Kendi gücünü küçümseme canım.. Ben senin mantıklı düşüncelerinin, duygularının önünde olduğuna inanıyorum. Aksi halde sana psikolojik tedavi uygulanıyor olurdu şimdi. O yüzden seni endişelendiren ne varsa Nehir'in doktoruna sor ve içini rahatlat. O an doktora ulaşamıyorsan da, önce kendin sakinleşmek için sana ne iyi geliyorsa onu yap.. Ben mesela manyak yüksek sesle müzik dinlerim.. (Daha da uçlara çıkmak için :))

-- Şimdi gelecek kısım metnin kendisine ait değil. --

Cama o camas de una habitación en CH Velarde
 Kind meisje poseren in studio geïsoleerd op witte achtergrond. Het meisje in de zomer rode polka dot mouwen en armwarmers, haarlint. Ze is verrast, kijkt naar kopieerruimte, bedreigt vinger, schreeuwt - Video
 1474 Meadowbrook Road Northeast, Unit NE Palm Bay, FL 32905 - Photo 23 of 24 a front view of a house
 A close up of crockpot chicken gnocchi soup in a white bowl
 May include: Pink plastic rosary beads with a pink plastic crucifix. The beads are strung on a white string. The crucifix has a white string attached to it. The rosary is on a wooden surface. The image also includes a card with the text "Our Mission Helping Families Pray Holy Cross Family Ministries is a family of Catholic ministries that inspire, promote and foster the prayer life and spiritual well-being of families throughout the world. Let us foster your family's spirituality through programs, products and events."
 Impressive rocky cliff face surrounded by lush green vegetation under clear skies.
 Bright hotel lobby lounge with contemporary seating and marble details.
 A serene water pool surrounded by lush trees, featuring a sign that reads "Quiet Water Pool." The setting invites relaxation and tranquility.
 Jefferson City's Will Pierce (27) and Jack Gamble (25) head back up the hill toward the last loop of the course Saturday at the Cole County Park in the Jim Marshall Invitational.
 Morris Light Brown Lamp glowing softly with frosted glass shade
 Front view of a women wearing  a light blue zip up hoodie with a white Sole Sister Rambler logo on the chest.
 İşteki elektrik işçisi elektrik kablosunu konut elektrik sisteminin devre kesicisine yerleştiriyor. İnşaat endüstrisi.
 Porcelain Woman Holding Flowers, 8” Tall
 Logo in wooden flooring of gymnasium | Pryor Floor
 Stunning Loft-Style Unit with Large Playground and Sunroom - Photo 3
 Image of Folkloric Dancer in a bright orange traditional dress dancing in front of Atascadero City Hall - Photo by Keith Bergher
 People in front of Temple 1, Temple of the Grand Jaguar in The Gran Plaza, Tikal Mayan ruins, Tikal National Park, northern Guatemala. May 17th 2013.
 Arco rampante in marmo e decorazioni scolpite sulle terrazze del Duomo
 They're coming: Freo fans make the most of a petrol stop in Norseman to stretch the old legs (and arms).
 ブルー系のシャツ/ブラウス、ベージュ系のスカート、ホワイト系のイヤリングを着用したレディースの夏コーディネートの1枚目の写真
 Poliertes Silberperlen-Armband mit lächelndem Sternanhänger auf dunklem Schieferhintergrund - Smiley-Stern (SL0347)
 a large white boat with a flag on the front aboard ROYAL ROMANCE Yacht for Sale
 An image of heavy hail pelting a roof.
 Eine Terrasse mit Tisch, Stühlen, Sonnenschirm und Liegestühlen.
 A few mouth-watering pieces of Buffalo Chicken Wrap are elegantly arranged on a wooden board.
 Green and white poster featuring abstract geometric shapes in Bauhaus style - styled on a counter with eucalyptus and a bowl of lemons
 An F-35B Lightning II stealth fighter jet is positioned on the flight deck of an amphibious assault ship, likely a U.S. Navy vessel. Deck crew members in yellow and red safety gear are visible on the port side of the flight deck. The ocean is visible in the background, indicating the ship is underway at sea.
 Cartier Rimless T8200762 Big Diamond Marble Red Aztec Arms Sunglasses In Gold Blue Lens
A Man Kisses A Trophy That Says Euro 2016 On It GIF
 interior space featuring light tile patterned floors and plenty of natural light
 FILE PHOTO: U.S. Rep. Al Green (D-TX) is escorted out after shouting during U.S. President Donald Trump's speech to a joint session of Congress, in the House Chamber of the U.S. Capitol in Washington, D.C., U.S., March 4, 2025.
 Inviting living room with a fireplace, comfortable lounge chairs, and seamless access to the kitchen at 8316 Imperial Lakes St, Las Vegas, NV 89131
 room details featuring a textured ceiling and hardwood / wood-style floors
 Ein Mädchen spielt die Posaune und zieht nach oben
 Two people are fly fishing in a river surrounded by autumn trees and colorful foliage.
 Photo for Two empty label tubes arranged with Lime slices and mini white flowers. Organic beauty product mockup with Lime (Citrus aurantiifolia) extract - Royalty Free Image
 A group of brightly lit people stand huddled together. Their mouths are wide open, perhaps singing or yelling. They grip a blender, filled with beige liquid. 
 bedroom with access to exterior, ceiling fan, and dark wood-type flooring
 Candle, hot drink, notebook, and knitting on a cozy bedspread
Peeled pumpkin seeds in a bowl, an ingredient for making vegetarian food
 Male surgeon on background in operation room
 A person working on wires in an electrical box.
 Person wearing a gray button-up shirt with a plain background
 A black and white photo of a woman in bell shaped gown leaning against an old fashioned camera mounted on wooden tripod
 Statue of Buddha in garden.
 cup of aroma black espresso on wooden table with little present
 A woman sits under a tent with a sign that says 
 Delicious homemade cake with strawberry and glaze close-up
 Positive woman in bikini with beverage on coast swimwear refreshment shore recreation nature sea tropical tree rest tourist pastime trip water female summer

Herşeyin iyi olacağına önce sen inan ki, kızımız da bu pozitif elektriği senden alsın. Unutma kızlar, annelerinin aynasıdır diyor doktorlar.. Sen mutlu ve huzurlu olursan bunu ona da yansıtır, ve onun savaşına katkıda bulunursun.. Her zaman seni burda dinlemeye hazır birçok dostundan biri olarak, tüm dualarım sizlerle diyorum.. Canın ne zaman dertleşmek isterse dök içini rahatla, biz ne güne duruyoruz? Bu kadar uzaktan faydamız dokunacaksa, her zaman dinlemeye, yazmaya ve de konuşmaya hazırız.. Unutma yalnız değilsiniz! Hepimiz HERGÜN haberlerinizi alıyor ve Nehirin iyileşmeye adım adım yaklaştığına inanıyoruz..
Annesi sağlıklı ve mutlu=Nehir sağlıklı ve mutlu...
Sevgilerimle,
Ece..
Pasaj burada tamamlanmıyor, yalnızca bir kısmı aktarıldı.